O
sol quando nasce é para todos, hoje é dia de voltar ao sol que na verdade já
sabe a inverno. Não ao nosso inverno, o inverno português, por aqui o sol
queima menos, mas continua a fazer suar, nasce muito cedo e esconde-se por
volta das 18 horas, reduz-me o tempo útil de trabalho, pois assim que ele se
deita a luz artificial deixa de ser suficiente para iluminar o trabalho e a
“mosquitagem”, que tem vindo a diminuir, invade-me o campo de visão. Faço
apenas mais um esforço para pensar que hoje será um dia novo, uma nova
realidade, um novo começo, cheio de força e de vontade, rumo à saída do túnel
onde me esperam os braços mais aconchegadores do Mundo. A realidade em Chunar
parece-me bem diferente, e apesar do pequeno-almoço em tudo igual aos outros,
sinto-me mais aconchegado e sinto um tratamento mais simples apesar da grande
dificuldade em se expressarem em inglês por aqui. À saída pedem-me para fazer
um registo por ocupar o quarto. O empregado tenta dizer o meu nome e a verdade
é que não fica muito longe da pronúncia, apenas a parte do Xavier soa estranha,
mas mais à frente conto o porquê. Aqui não temos motorista, por isso, o caminho
entre a casa onde dormimos e o escritório é feita a pé, na verdade são só 500
metros, não custa nada. A manhã parece arrastar-se, não há cá ninguém que
trabalhe e volto a sentir aquela dor junto ao estômago e aquela revolta por não
poder fazer o quero e o quero é mesmo começar a trabalhar para acabar o mais
rápido possível. As horas passam, os minutos arrastam-se a espera termina
algumas após o inicio, pouco tempo sobra até ao almoço, faz-se o que se pode.
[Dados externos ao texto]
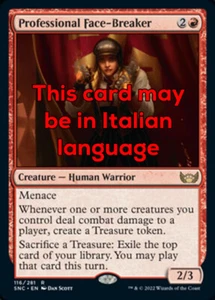 MTG PROFESSIONAL FACE-BREAKER FOIL EXC - SPACCAGRUGNI PROFESSIONISTA 116 - SNC - Imagen 1 de 1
Volta-se a caminhar para o almoço, desta vez comida sem picantes, e ainda um
fantástico pedaço de pão imaginem só. Um pão muito parecido com a configuração
de um molete de São José, com a mesma capa e mesma textura, mas sem o sabor
adocicado, sabia apenas a pão, nada mais, que bem me soube. Ao entrar no quarto
reparo no porquê da estranha pronuncia, tenho o meu nome escrito na porta e é
algo parecido com “Rvi Xravier” e quem o pronuncia em vez de ler “xis” no
início de Xavier lê “Exz”. A tarde rendeu mais, as pessoas aqui parecem mais
empenhadas, mais capazes, mais trabalhadoras. A falta de motorista levou-me a
experimentar algo que se revelou uma boa injecção de adrenalina. Apanhei boleia
de uma mota! Não andava de mota à cerca de 10 anos, e andar de mota a fintar
camiões, carros, bicicletas e pessoas é uma experiência fenomenal, sobretudo se
for feita na India e a 30 km/h. Hoje começo a reparar bem no meu quarto. Em vez
de uma cama gigante reparo que afinal tenho duas pequenas camas juntas, não me
importo porque só utilizo uma delas, tenho ainda uns chinelos que não são meus,
uma dúzia de capas de arquivo num armário, umas botas numa gaveta e uma mala de
viagem por cima do guarda-fatos, conclusão, este quarto pertence a alguém,
espero que não volte enquanto cá estiver eu.